Tuesday, May 31, 2011

Why is Marvin Lewis Still the Bengals' Head Coach?

I understand that Lewis, in getting his contract extension on January 4th, got a huge assist from the at-that-time-impending NFL lockout. Keeping your eight-year veteran head coach and assuring yourself some organizational stability in the face of a possibly shortened offseason must've looked much better to owner Mike Brown than hiring a new guy at the wrong time. But why have the Bengals kept a guy who's never been that successful?

Here are the records from Marvin Lewis's eight seasons as Bengals head coach, in chronological order: 8-8, 8-8, 11-5, 8-8, 7-9, 4-11-1, 10-6, 4-12. He's 0-2 in the playoffs. Total record is 60-69-1, counting playoffs.

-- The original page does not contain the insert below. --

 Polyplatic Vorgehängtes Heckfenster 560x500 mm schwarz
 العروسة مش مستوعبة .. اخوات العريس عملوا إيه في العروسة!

In addition, the Bengals have been sort of a perennial joke for three reasons: their players' willingness to mouth off to the media, the team's willingness to pick up 'troubled but talented' players who've had run-ins with the law (example: Tank Johnson, Terrell Owens, Pacman Jones, Cedric Benson), and the Bengals' own arrest record. They apparently lead the NFL in arrests during the 2010 season, including 22 during Lewis's tenure.
Also, snake wrangling.
So I'm kind of wondering, why exactly do the Bengals keep Lewis around? Why have they been satisfied with two winning records in nine years? I'm speaking as a Packers fan, and we generally have high expectations for our head coaches (the '70s and '80s notwithstanding). When Ray Rhodes posted an 8-8 record in his first year, 1999, he was fired the next year. When Mike Sherman's team crashed into 4-12 after four straight years of 10+ win seasons and playoff appearances, he was fired instantly. Lewis has hung around for eight years despite everything I mentioned above. So what's the deal here?

My best guess, and I swear I'm trying not to sound like an ass here, is that the Bengals don't have the history or standards that Green Bay does. Seriously. Cincinnati has never won a Super Bowl (they went in '81 and '88, and got killed by Joe Montana both times), and they have a 285-373-2 all-time regular season record. In addition, before Lewis's squad went to the playoffs in 2005, they hadn't been to the playoffs in 15 years. My guess is that occasional division championships are better than no division championships at all, at least in Paul Brown's thinking. The arrests, Chad Ochocinco's mouthing off in the media, etc. are just part of the culture there. That's my best explanation, anyway, for keeping a coach with a pretty mediocre record around as long as they have without much success.